Florida’s beleaguered tourism promoter has fired two of its top executives in the wake of revelations and criticism of a $1 million contract with Miami rapper Pitbull, an action that Gov. Rick Scott said was a matter of holding people accountable.
And then the governor called on Seccombe to resign, and Visit Florida Board Chairman William Talbert III to reform the state agent company that has come under fire for keeping public business secret.
The pair of top executives are taking the fall for the Florida tourism marketing contract Pitbull got with Visit Florida in July 2015, particularly because of concerns by top lawmakers and others that the contract and its terms were kept secret until after House Speaker Richard Corcoran sued Tuesday to have it declared public. Pitbull himself released it publicly Thursday morning.
Scott did not indicate that he played any role in advising Seccombe about the firings or the fallout. But speaking at a jobs event in the Orlando suburb of Eatonville, Scott declared his said he wants transparency.
“I believe in transparency in contracts. If you’re going to do business with the state, your contract has to be transparent,” Scott said.
Scott also said he was not aware of any other job actions at Visit Florida, saying “those were the only two.”
He also praised Pitbull for his cooperation and efforts to support Florida.
“Pitbull is a great Florida entertainer, a great Miami entertainer. He clearly supports our state. I wanted to thank him. I visited his charter school, and he’s a great community supporter,” Scott said.
Seccombe suddenly postponed a quarterly staff meeting scheduled for Friday morning to the afternoon. He and Visit Florida have not responded to requests to comment.
The governor also praised Visit Florida, the state-chartered non-profit company that plays the role of the state’s tourism promotion agency.
“At the same time, you’ve got to hold everybody accountable. I know that’s what’s happening right now at Visit Florida,” Scott said.
Visit Florida, formally known as the Florida Tourism Marketing Corporation, receives $74 million a year in tourism trust funds from the state of Florida, plus another $2 million in general revenue funds.
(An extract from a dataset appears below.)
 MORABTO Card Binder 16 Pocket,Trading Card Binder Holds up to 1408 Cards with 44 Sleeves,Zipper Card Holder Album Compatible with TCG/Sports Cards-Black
After receiving notice from Visit Florida that Pitbull’s production company, PDR Productions, considered virtually the entire contract to be trade secrets, and threatened to sue of Corcoran or anyone else disclosed any of its provisions, Corcoran sued first, seeking to get a circuit court judge in Tallahassee to rule invalid any such claims.
Pitbull responded Thursday by releasing the entire contract, via a tweet.
Later Thursday Corcoran withdrew the suit, getting a voluntary dismissal.
But the issue remained whether Visit Florida should offer any of its contractors the opportunity to keep their contracts secret, and Corcoran reserved the right to refile.
Scott appeared Friday to agree with Corcoran’s concern.
“It’s somebody’s money. It’s your money. it’s every taxpayers money. You should know how your government spends your money. So contracts need to be transparent,” Scott said.
Corcoran responded Friday with an ominous statement, suggesting Visit Florida’s very fate is at stake.
“Our job is to decide if Visit Florida should exist and if so how much should it be funded,” he said in a statement. “We’re not engaged in their hiring and firing decisions.”
Visit Florida gets $76 million a year in state money, though $74 million of that comes from a tourism trust fund.
Scott made it clear in his letter to Talbert that he thinks of Visit Flordia as “a steadfast part of Florida’s amazing record growth in tourism over the last six years.” But he expressed the same frustration that Corcoran and others have held about secrecy. His recommendations to Talbert were all about transparency and accountability.
He urged Talbert to consider reforms that would lead the corporation to publish external reports detailing public spending; all reports should include metrics and return on investment calculations; employee position and salary information; an organizational chart; relevant audits, tax returns, financial reports and summaries; reports required by statute; and public expenditure details by vendor and contract, with all contracts provided online.